Intermittent fasting has gained popularity as a way to lose weight, improve heart health, and boost metabolism. It involves partial or complete abstinence from food for a set period before embarking on regular eating again. But can you do it at different times?
You can do intermittent fasting at different times, but sticking to a fasting schedule may be more difficult if you constantly change the times. It’s best to pick a time frame and stick to it as much as possible. This will help your body get used to the schedule and make it easier for you to see results.
The rest of this comprehensive guide will explore in-depth all things related to intermittent fasting, including the different types of fasting schedules, benefits, and how to pick the right time to fast.
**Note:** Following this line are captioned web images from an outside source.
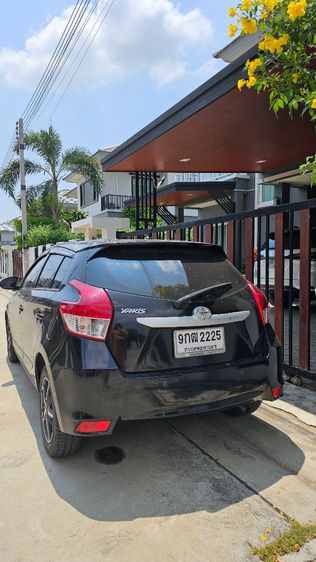 Toyota Yaris 2018 1.2 J Sedan เบนซิน ดำ รูปที่ 4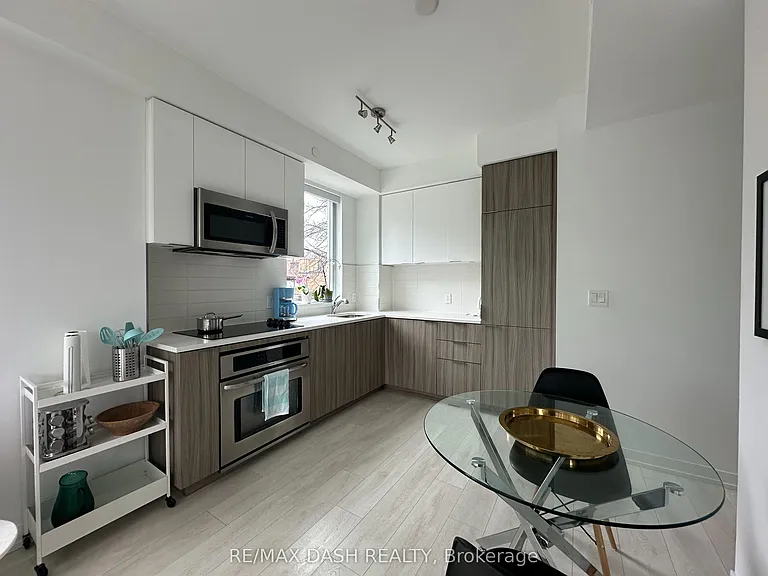 223 Saint Clair Ave W #215 — Photo 33
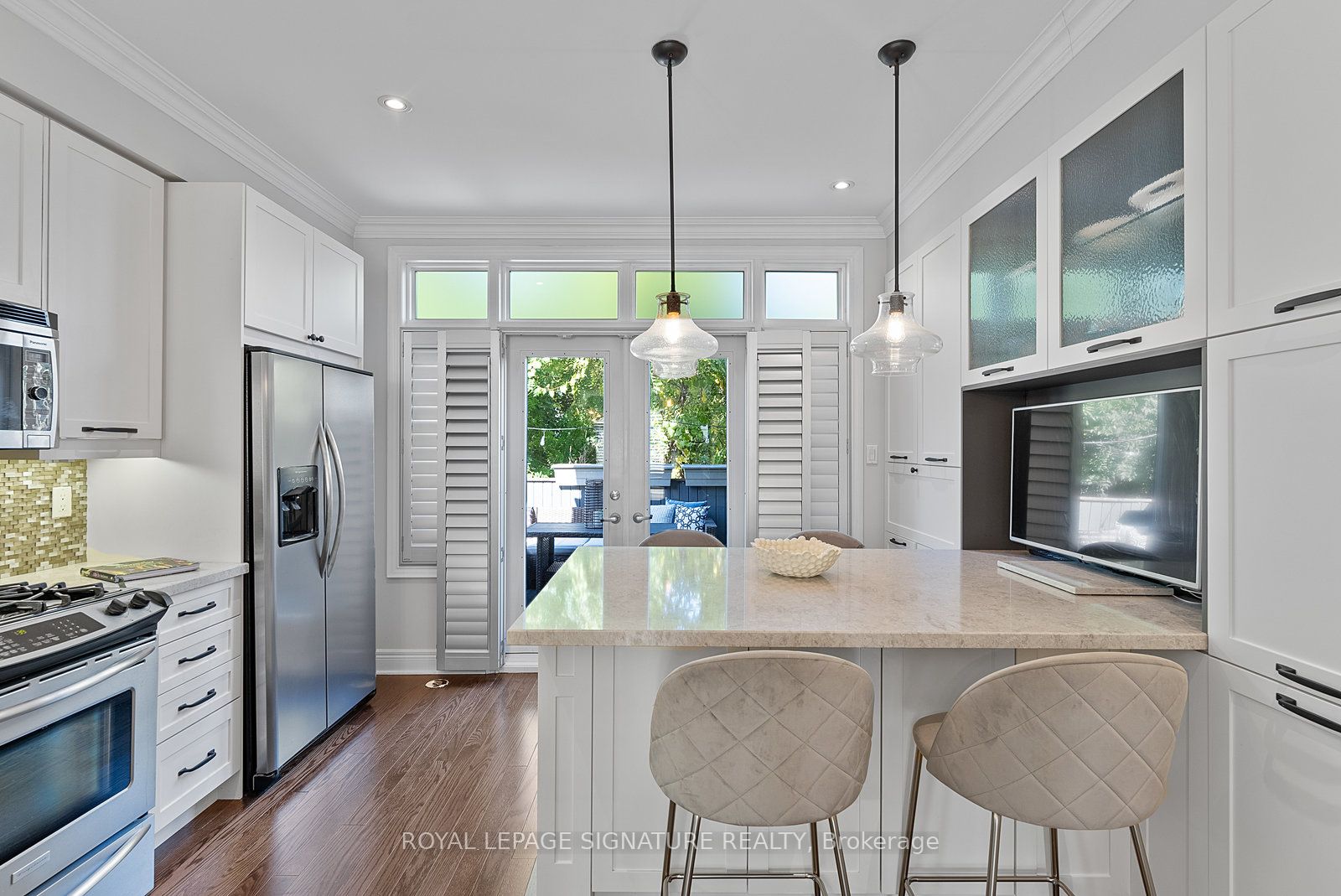 76 Lobo Mews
How Intermittent Fasting Works
Before we dive into the different types of intermittent fasting, let’s briefly review how it works.
Intermittent fasting (IF) is a weight loss strategy that involves alternating periods of eating and abstaining from food. It’s based on the belief that our bodies become satisfied with smaller food portions while reducing calorie intake, leading to weight loss.
During the fasting “cycle” or “phase,” you’re not allowed to consume any food or drinks (except for water). This fasting period can last anywhere from 12 to 24 hours or even longer.
After the fasting phase is over, you enter the “feeding” or “eating” phase, where you’re free to eat whatever you want for a set period. This period typically lasts 8-10 hours.
When done correctly, intermittent fasting can help you lose weight, improve metabolism, and reduce inflammation. It can also help reverse type 2 diabetes and heart disease, improving overall health and quality of life.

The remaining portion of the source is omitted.